Sample sizes in each centre varied from 20 to 60, with a total of 296 for the
study as a whole. An adapted version of the CSRI was administered to a
sub-sample of 136 women postnatally. Demographic characteristics of the centre
samples are described by Asten et al
(2004, this supplement).
Health services research component
An innovative aspect of this cross-cultural study was an interest in
developing methods for quantitative health services research, in particular
access and/or barriers to appropriate care and the actual uptake and cost of
service provision for women with postnatal depression. Data were collected at
both the population level of study sites and at the individual level of
sampled participants.

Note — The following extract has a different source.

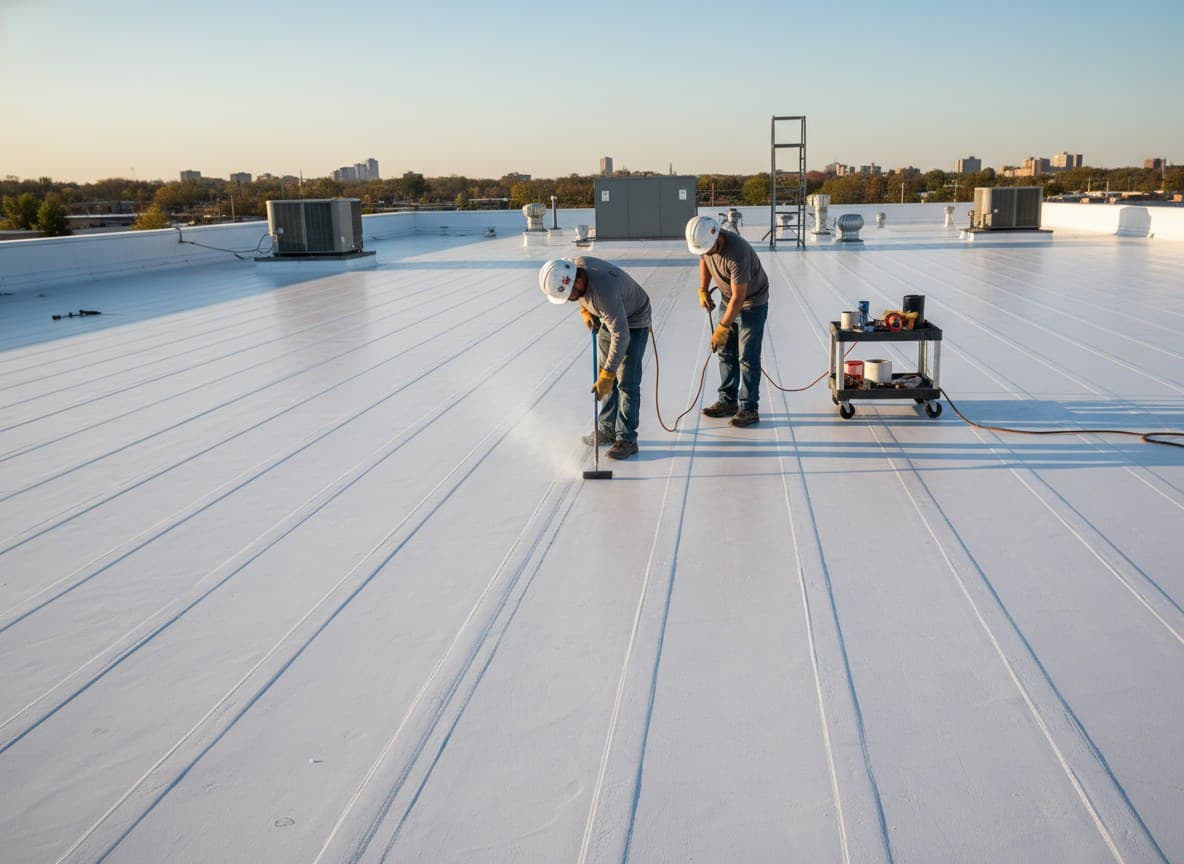 Roofers welding TPO membrane seams on a commercial rooftop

At the level of the study site, we collated relevant
health-system data relating to health expenditures, the availability of mental
health resources and maternity leave arrangements.
At the level of the individual, we built on previous work relating to the economic evaluation of mental health care by adapting and developing the CSRI for use with postnatal women. The Client Service Receipt Inventory- Postnatal Depression (CSRI-PND) version is a derivation of the Client Socio-demographic and Service Receipt Inventory- European version (Chisholm et al, 2000), which in turn is an adaptation of the CSRI (Beecham & Knapp, 2001). We sought to bring together questions that would enable the comprehensive costing of care packages for women who are about to have or who have recently had a child, with a view to determining the excess need and service uptake of women with postnatal depression. Accordingly, we collected information on the current living arrangements and expenses of each participant (including income, employment and accommodation), and details of any use she might have made of a range of health care, social care and other services over a 6-month retrospective period (see Appendix). Unit costs for each of these services could then be calculated (although this was not undertaken in this study) and subsequently applied to the resource use data from the CSRI-PND, to give the total cost associated with each individual's use of services. The instrument also attempts to estimate some of the main economic knock-on effects of postnatal depression, in particular the impact on the income or productivity of the woman or household, and the extra inputs of informal caregivers. A final set of (more qualitative) self-report questions relate to potential barriers to accessing services. The modified instrument was translated into the language of each European centre and administered to a pilot sample at the postnatal assessment.
Other measures
The Structured Clinical Interview for DSM-IV Axis I Disorders (SCID-I;
First et al, 1994) is
a semi-structured interview for making the major DSM-IV diagnoses
(American Psychiatric Association,
1994). A research version designed for use with non-patient
populations (SCID-I/NP; First et
al, 1996), was modified to produce an instrument for
assessing postnatal interviews, thus providing a continuous assessment of
depressive disorder from the beginning of pregnancy up to 6 months
postnatally. A combined variable of either major or minor depression with an
onset date within 6 months of delivery was used in this study. Rates of
postnatal depression differed between centres, from 2% (n=1) in
Zurich to 37% (n=5) in Paris. Rates in the other five centres were
all between 20% and 29%.
The Contextual Assessment of Maternity Experience (CAME) was developed to assess the psychosocial context of the maternity experience in different cultural settings (Bernazzani et al, 2004, this supplement). The CAME includes assessment of recent life adversity in eight domains (marital, social, parental, health, housing and financial, work, criminal and legal, and geopolitical) and of emotional support from partners and others in the woman's social network. Severe and non-severe levels of adversity occurring in any domain between the antenatal and postnatal interviews were distinguished. Levels of severe adversity varied from 30% in Vienna to 56% in Paris. A composite variable identifying poor support in the postnatal period given by the woman's partner, one very close other and all others in the woman's social network, was also used. Rates of poor support varied from 18% in Dublin to 70% in Porto.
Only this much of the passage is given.